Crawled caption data
+===+
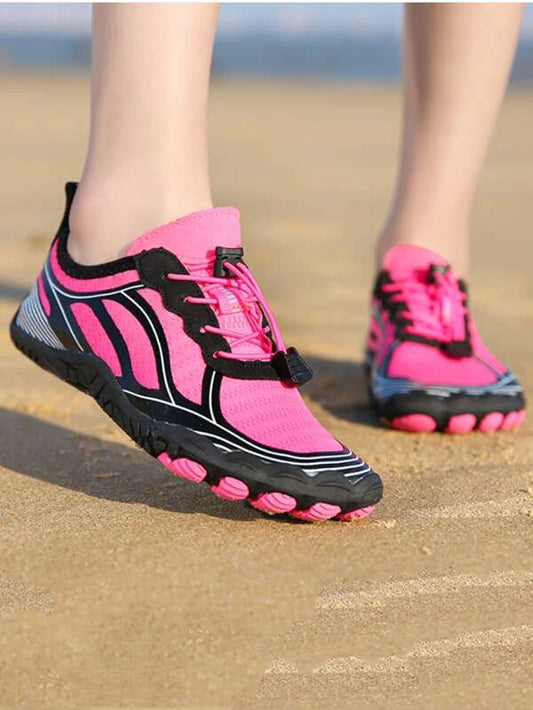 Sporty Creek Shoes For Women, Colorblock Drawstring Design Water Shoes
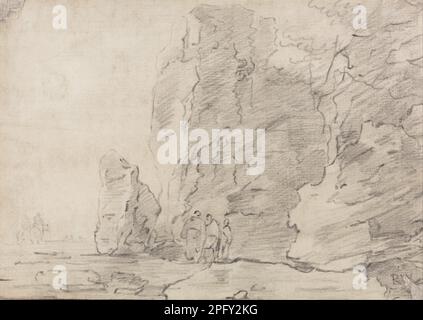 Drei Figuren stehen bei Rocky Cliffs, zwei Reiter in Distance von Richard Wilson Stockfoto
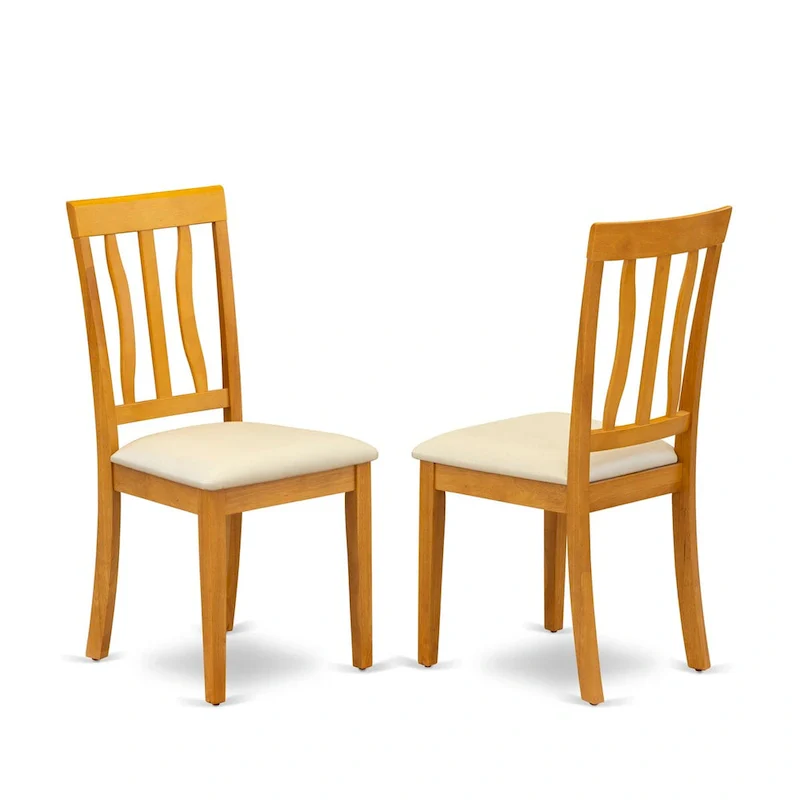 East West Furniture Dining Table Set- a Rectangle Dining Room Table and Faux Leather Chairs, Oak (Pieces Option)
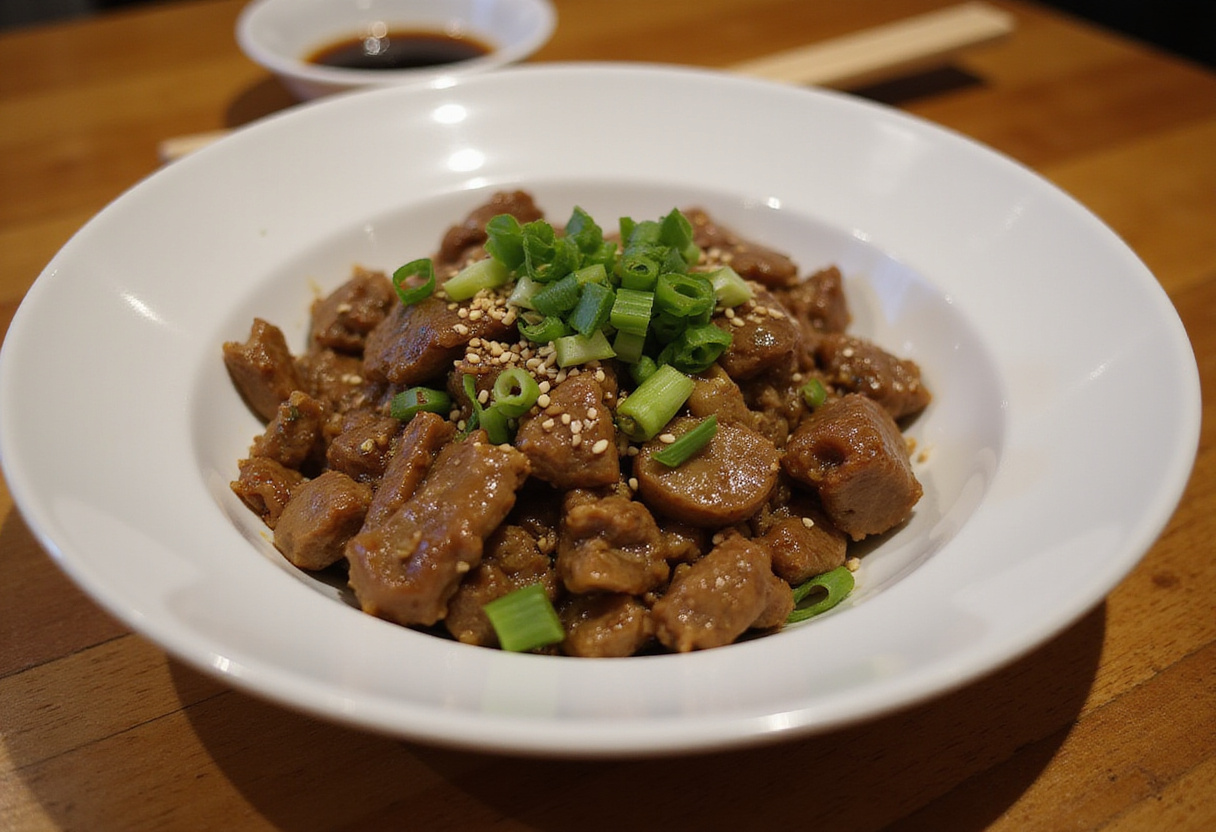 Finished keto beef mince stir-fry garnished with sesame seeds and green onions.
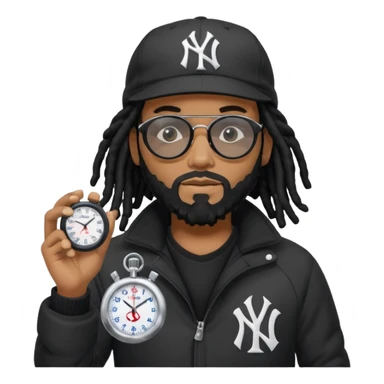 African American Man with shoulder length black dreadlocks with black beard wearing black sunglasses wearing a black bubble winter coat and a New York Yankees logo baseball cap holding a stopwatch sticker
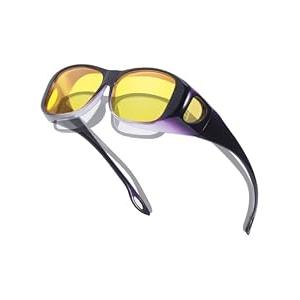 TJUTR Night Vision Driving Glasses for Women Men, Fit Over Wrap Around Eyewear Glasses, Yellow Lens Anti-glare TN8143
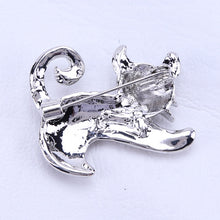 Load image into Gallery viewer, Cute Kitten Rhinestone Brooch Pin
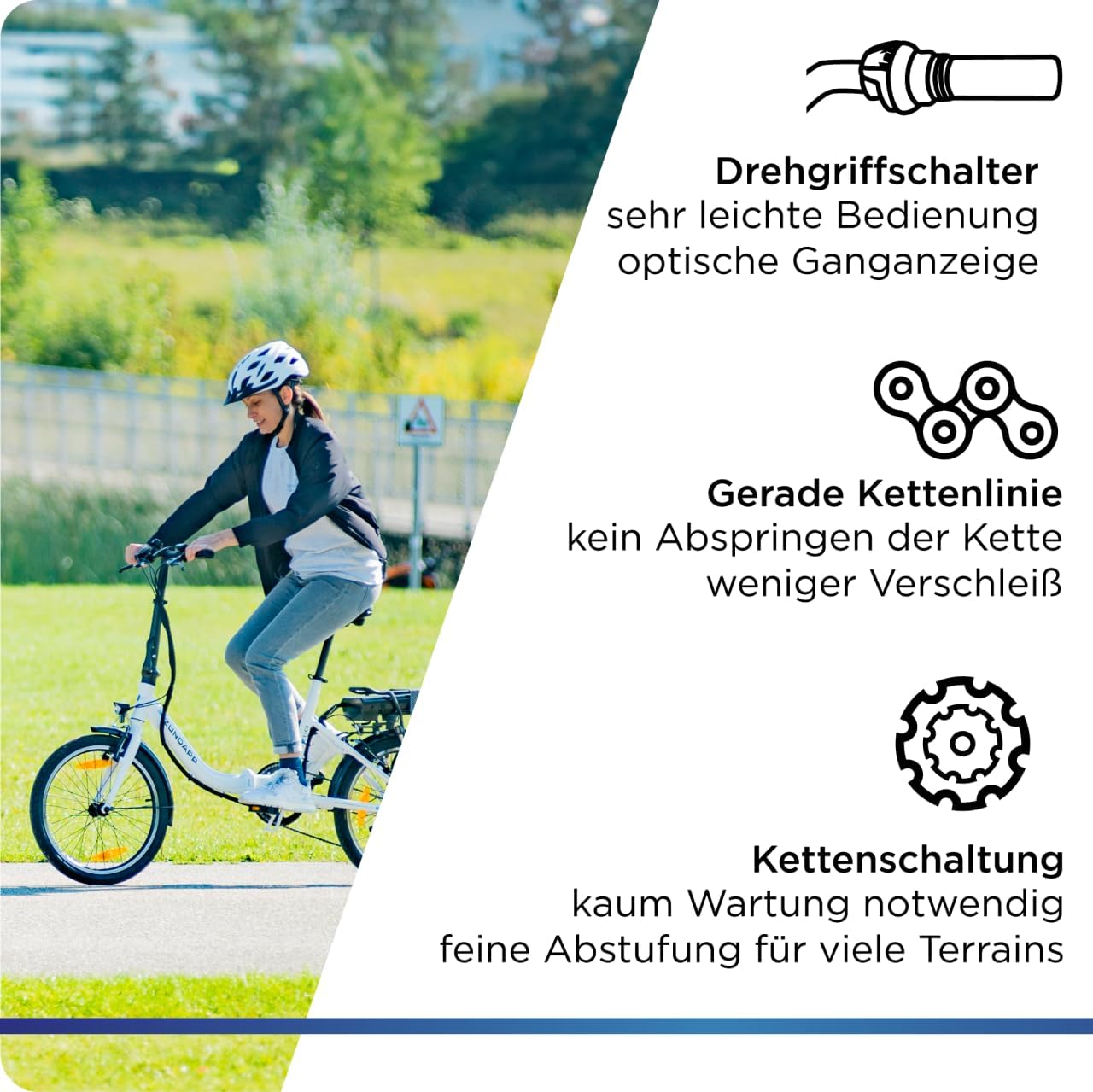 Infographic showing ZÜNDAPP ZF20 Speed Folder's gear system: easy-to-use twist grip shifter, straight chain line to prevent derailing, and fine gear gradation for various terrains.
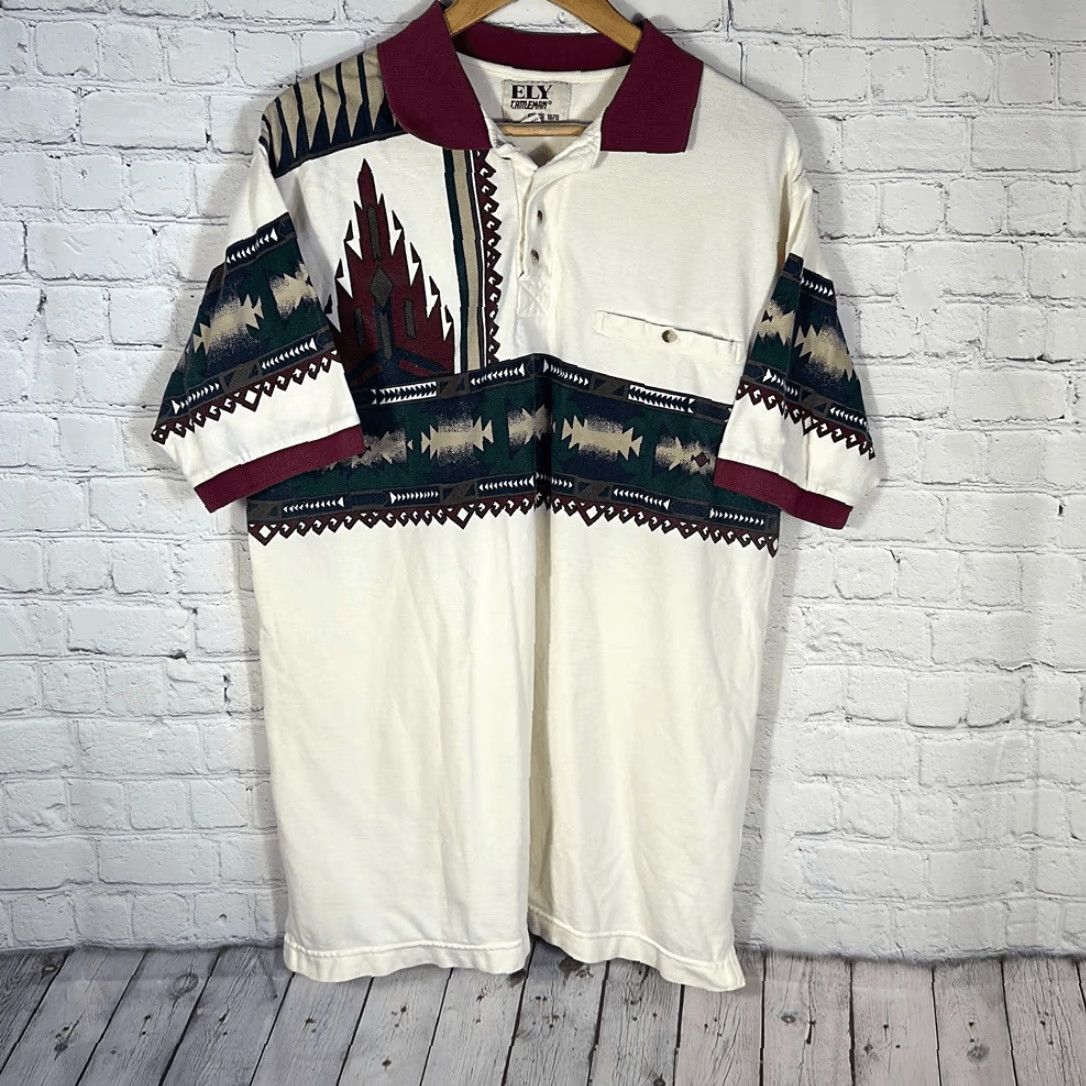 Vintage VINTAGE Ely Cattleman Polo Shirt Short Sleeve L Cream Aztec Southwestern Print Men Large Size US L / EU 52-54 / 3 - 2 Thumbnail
+===+
-- How to complete this task --
Give the lines of the entries above exactly as they appear, leaving out each picture.

-- Your solution --
 Sporty Creek Shoes For Women, Colorblock Drawstring Design Water Shoes
 Drei Figuren stehen bei Rocky Cliffs, zwei Reiter in Distance von Richard Wilson Stockfoto
 East West Furniture Dining Table Set- a Rectangle Dining Room Table and Faux Leather Chairs, Oak (Pieces Option)
 Finished keto beef mince stir-fry garnished with sesame seeds and green onions.
 African American Man with shoulder length black dreadlocks with black beard wearing black sunglasses wearing a black bubble winter coat and a New York Yankees logo baseball cap holding a stopwatch sticker
 TJUTR Night Vision Driving Glasses for Women Men, Fit Over Wrap Around Eyewear Glasses, Yellow Lens Anti-glare TN8143
 Load image into Gallery viewer, Cute Kitten Rhinestone Brooch Pin
 Infographic showing ZÜNDAPP ZF20 Speed Folder's gear system: easy-to-use twist grip shifter, straight chain line to prevent derailing, and fine gear gradation for various terrains.
 Vintage VINTAGE Ely Cattleman Polo Shirt Short Sleeve L Cream Aztec Southwestern Print Men Large Size US L / EU 52-54 / 3 - 2 Thumbnail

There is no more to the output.